ELIGIBILITY: Diagnosis of multiple sclerosis; excludes diagnosis of clinically isolated syndrome (CIS)
TITLE: Vascular Fundus Changes in Patients with High Probability of Chronic Cerebrospinal Venous Insufficiency (CCSVI) (ClinicalTrials.gov identifier: NCT01356134)
DESCRIPTION: Chronic Cerebrospinal Venous Insufficiency (CCSVI) has been proposed as the cause of numerous neurodegenerative diseases of the brain. CCSVI is the result of poor drainage of blood (and cerebral spinal fluid to some degree) from weakened or stenosed veins usually located in the cervical area (most notably the internal jugular veins). Although current focus and treatment of CCSVI is on multiple sclerosis, CCSVI has also been implicated as a potential cause of Alzheimer’s disease and Parkinson’s Disease. Additionally, patients with Ehlers-Danlos Syndrome (EDS) – a disorder of connective tissue – are more prone to developing multiple sclerosis than the general population.
Many EDS patients are known to have weakened and abnormal blood vessels and 40-70% of EDS patients develop autonomic dysfunction in addition to numerous other symptoms found in patients with CCSVI. In the small subset of EDS and multiple sclerosis patients seen at Total Eye Care, the investigators have noticed a vascular irregularity (using the optomap ® and examining the results under high magnification) which offers credence to the theory of CCSVI. Such objective data has been elusive, excepting for fMRI, ultrasound (to a limited degree) and venous angioplasty results.

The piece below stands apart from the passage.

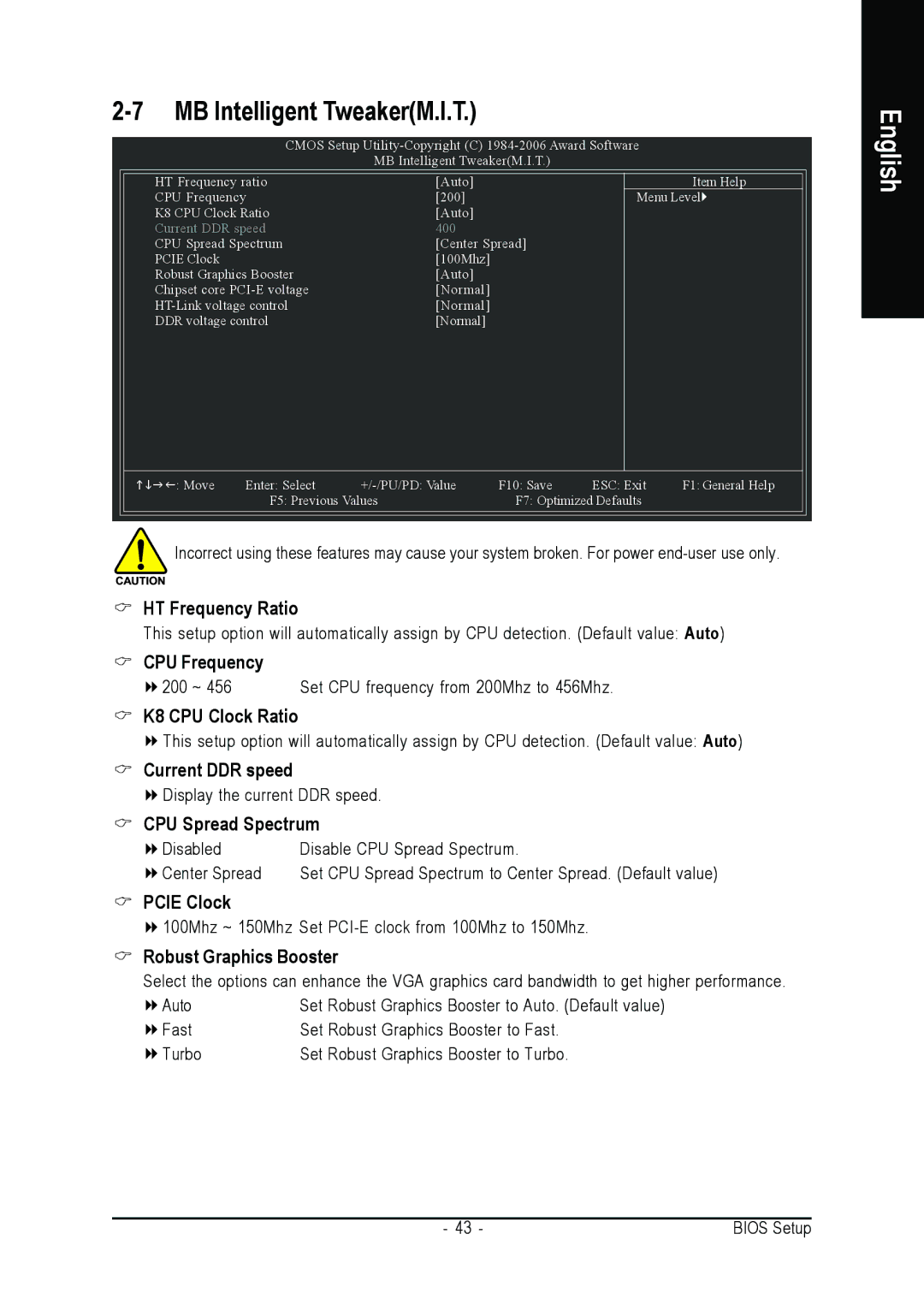 Gigabyte GA-K8NF-9-RH HT Frequency Ratio, CPU Frequency, K8 CPU Clock Ratio, Current DDR speed, CPU Spread Spectrum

Current treatment of CCSVI involves the ballooning and sometimes stenting, of abnormally stenosed veins. The treatment of CCSVI offers hope to many patients suffering from multiple sclerosis. Although CCSVI research is in its infancy, many doctors believe that CCSVI is a significant portion of the solution to patients with neurodegenerative diseases of the brain. Because CCSVI is a vascular disorder, the investigators hypothesize that the investigators are able to screen candidates for CCSVI via the optomap ®.
ELIGIBILITY: Patients with diagnosed or suspected Ehlers-Danlos Syndrome and/or diagnosed or suspected Multiple Sclerosis and age-matched healthy controls. Persons living with diabetes and patients unable to sit in position for testing are excluded.